Would you reproduce exactly, and only, the lines starting at the one with "Bison Conservation Efforts" and ending at the last line of the data, with both included? Leave the pictures out.

[Captioned web image data]
———
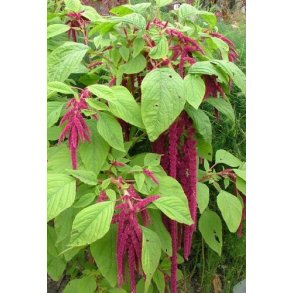 Rvehaler. Rd. Amaranthus caudatus. Fr.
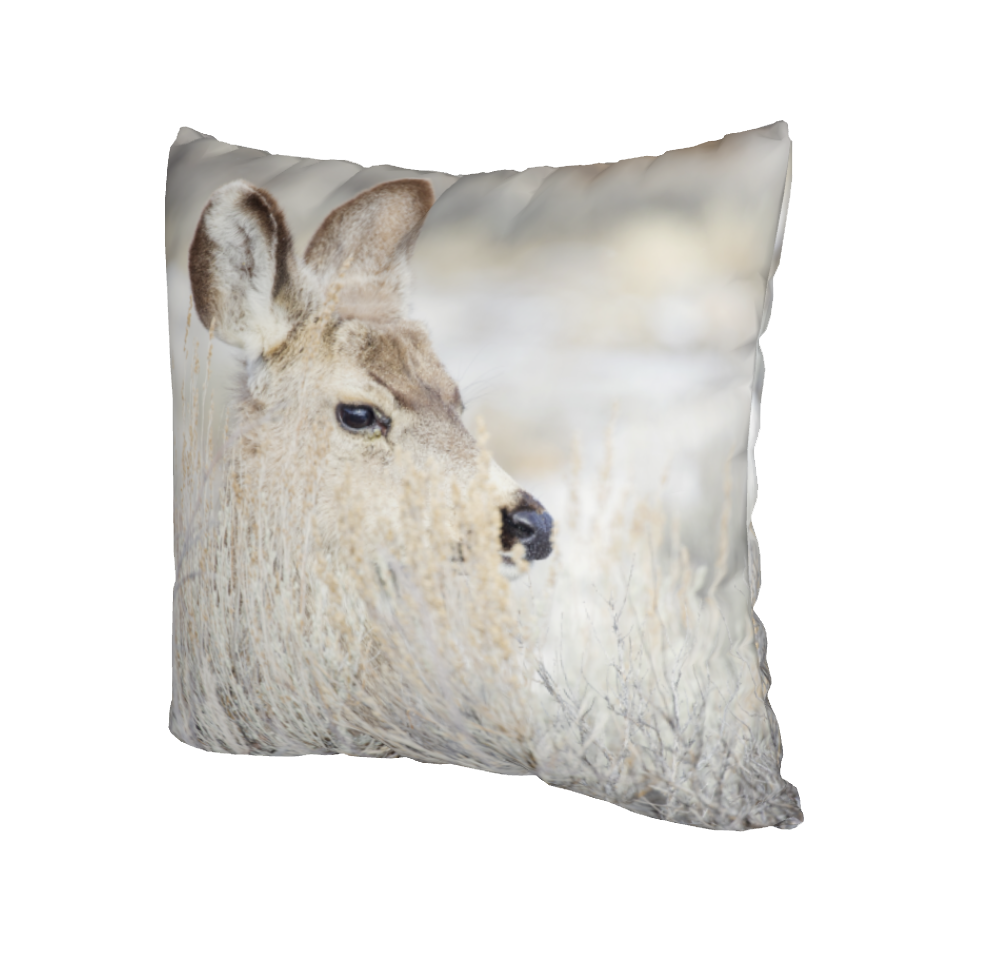 INNOCENCE ACCENT PILLOW COVER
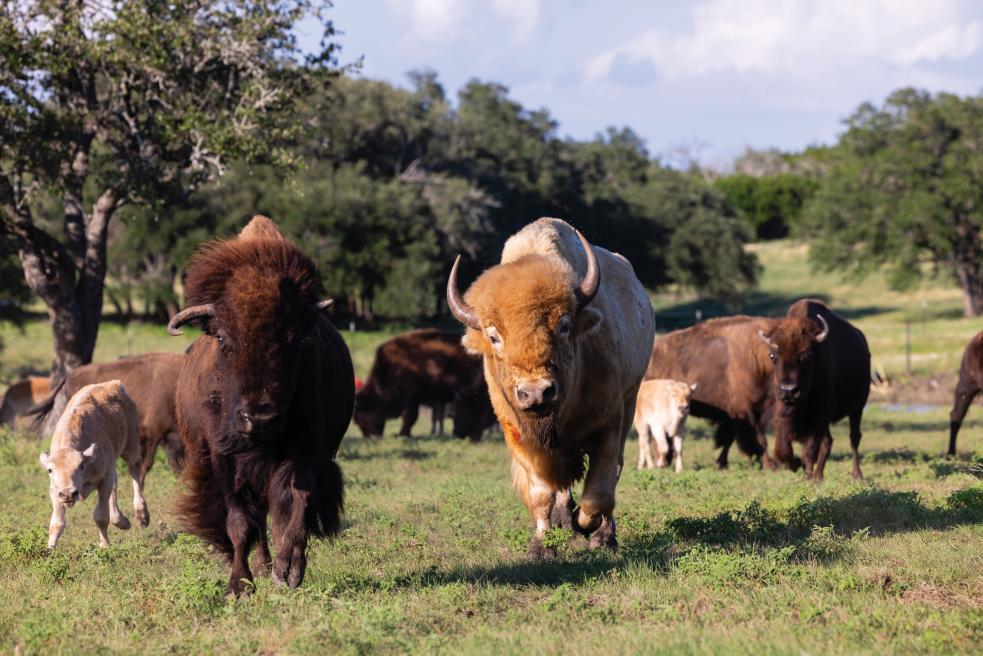 Bison Conservation Efforts Are Bringing the Buffalo Back to Texas ...
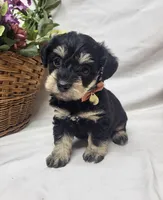 Bailey, a female Schnoodle for sale in Bolivar, MO – 7 of 7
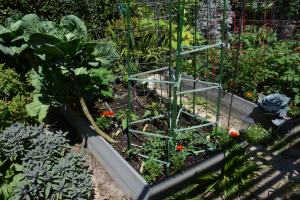 I like watching my veggies grow. This bed is the most recently planted one. I have nets over all three beds to keep the birds out. They had been eating my lettuce, peas, green beans, and even the cucumber leaves.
———
(Task result)
 Bison Conservation Efforts Are Bringing the Buffalo Back to Texas ...
 Bailey, a female Schnoodle for sale in Bolivar, MO – 7 of 7
 I like watching my veggies grow. This bed is the most recently planted one. I have nets over all three beds to keep the birds out. They had been eating my lettuce, peas, green beans, and even the cucumber leaves.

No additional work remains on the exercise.